▶ **Problem**:
Pick each line containing the word "from" out of the data below.

▶ **Data to process**:
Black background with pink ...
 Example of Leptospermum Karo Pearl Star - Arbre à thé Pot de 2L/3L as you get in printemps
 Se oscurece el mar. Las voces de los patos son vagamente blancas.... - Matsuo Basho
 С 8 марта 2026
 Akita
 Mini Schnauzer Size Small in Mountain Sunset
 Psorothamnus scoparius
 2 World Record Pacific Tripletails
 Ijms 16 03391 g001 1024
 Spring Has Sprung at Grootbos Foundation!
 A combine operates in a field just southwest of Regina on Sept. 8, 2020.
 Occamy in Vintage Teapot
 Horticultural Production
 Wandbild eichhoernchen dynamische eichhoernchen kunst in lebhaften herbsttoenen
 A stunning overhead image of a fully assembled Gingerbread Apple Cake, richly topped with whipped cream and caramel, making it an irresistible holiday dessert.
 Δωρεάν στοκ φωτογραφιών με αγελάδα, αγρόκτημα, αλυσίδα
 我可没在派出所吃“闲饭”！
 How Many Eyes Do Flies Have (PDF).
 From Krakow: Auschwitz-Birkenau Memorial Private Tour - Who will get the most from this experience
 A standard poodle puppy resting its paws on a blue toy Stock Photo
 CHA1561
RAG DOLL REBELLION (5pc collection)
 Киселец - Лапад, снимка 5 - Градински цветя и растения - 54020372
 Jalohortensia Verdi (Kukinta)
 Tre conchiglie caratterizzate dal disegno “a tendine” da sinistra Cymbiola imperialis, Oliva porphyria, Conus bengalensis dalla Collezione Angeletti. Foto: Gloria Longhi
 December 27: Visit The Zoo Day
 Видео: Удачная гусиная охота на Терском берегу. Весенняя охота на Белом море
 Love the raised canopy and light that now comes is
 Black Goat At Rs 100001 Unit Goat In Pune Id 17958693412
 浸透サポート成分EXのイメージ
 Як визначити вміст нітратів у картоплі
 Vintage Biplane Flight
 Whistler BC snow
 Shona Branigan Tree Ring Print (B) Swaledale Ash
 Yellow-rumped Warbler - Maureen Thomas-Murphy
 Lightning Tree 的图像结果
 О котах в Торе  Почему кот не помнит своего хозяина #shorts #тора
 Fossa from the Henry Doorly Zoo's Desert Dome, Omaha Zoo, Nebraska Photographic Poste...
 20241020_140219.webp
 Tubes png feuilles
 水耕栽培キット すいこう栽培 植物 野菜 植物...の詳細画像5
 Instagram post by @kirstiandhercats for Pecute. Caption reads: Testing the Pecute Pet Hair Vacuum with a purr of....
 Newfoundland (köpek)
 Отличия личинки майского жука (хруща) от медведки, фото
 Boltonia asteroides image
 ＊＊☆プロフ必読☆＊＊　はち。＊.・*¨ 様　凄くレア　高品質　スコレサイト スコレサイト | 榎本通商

▶ **Your solution**:
 From Krakow: Auschwitz-Birkenau Memorial Private Tour - Who will get the most from this experience
 Fossa from the Henry Doorly Zoo's Desert Dome, Omaha Zoo, Nebraska Photographic Poste...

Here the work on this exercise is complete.